Stas: - Yes. The only thing, our tests in open source are green only on Linux. Therefore, if you compile, for example, on a Mac, if there are five tests going to fall there is no harm. Due to the different implementation of the exhibitors on different platforms, or even some minor differences, the results can diverge greatly.
For example, take the puzzle. I want to show some example. We have a file with puzzles - open_problems.md. Solve the problem number 4 of open_problems.md. It is formulated as follows: if the user sets the learning rate to zero, then we should fall from a TCatBoostException. You need to add validation options.
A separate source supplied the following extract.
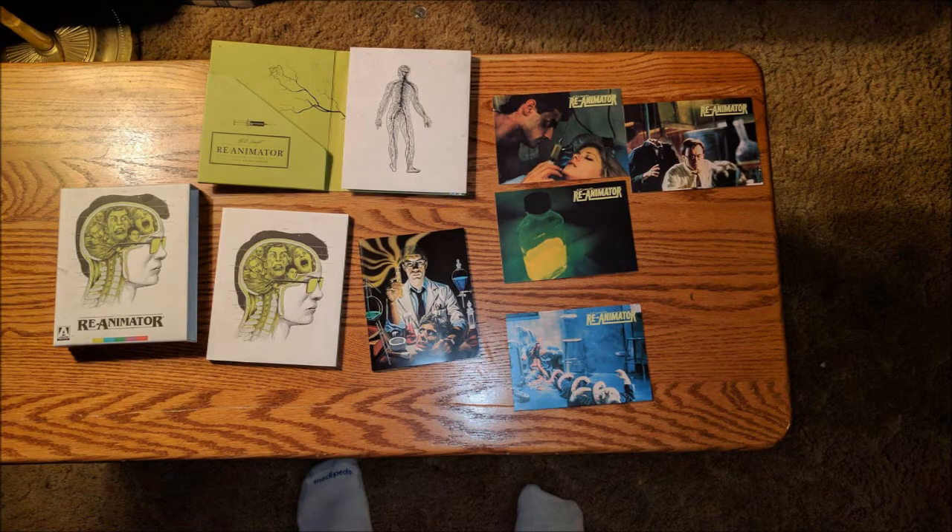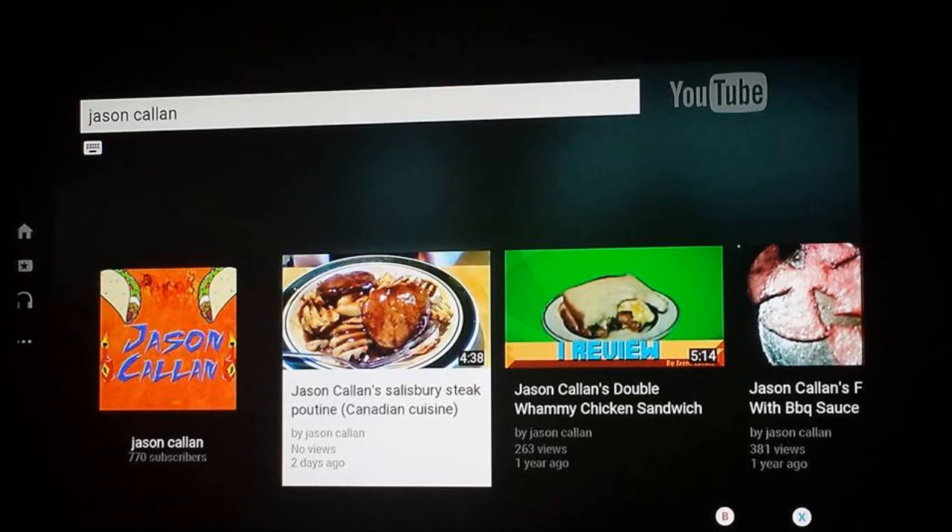Re-Animator is a true classic — that's back when Charles Band's Empire Films used to have a real budget before he did Full Moon, and it definitely shows. Thank you John for sending me these cool photos. Take care my legion — the link for everything else will be in the description of my video.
To begin, we have to create a branch, clone our fork, clone origin, trigger origin, push origin into our fork and then create a branch and start working in it.
How do options parsing occur at all? As I said, we have an important catboost / libs / options folder where parsing of all options is stored.
We have all the options stored in the TOption wrapper, which allows us to understand whether the option was redefined by the user. If it wasn’t, it stores some default value. In general, CatBoost parsit all options in the form of a large JSON dictionary, which during parsing turns into nested dictionaries and nested structures.
We somehow learned — for example, by searching for a grep or by reading a code — that we have a learning rate in TBoostingOptions. Let's try to write a code that simply adds CB_ENSURE, that our learning rate is more than std :: numeric_limits :: epsilon, that the user has entered something more or less reasonable.
We just used the CB_ENSURE macro here, wrote some code and now we want to add tests.
In this case, we add a test on the Command Line Interface. In the pytest folder, we have a test.py script, where there are already quite a few test samples and you can just pick up something similar to your task, copy it and change the parameters so that it starts to fall or not to fall - depending on the parameters you passed. In this case, we just take and create a simple pool of two lines. (We call datasets in Yandex as pools. We have such a feature.) And then we check that our binary really drops, if we pass learning rate 0.0.
We also add to the python-package test, which is located in atBoost / python-package / ut / medium. We still have large, large tests that are associated with tests for the assembly of python wheel-packages.
Next we have the keys for ya make - -t and -A. -t runs tests, -A forces all tests to run, regardless of whether they have large or medium tags.
Here I also used a filter by the name of the test for beauty. It is specified using the -F option and the test name specified below, which can be wild char-asterisks. In this case, I used test.py::test_zero_learning_rate*, because, looking at our python tests, you will see: almost all functions accept the task type fixture inside. This is so that by code our python-package tests look the same for both CPU- and GPU-learning and can be used for tests of GPU and CPU trainer.
Further we will commit our changes and push them into our forked repository. We publish pool rekvest. He has already joined, all is well.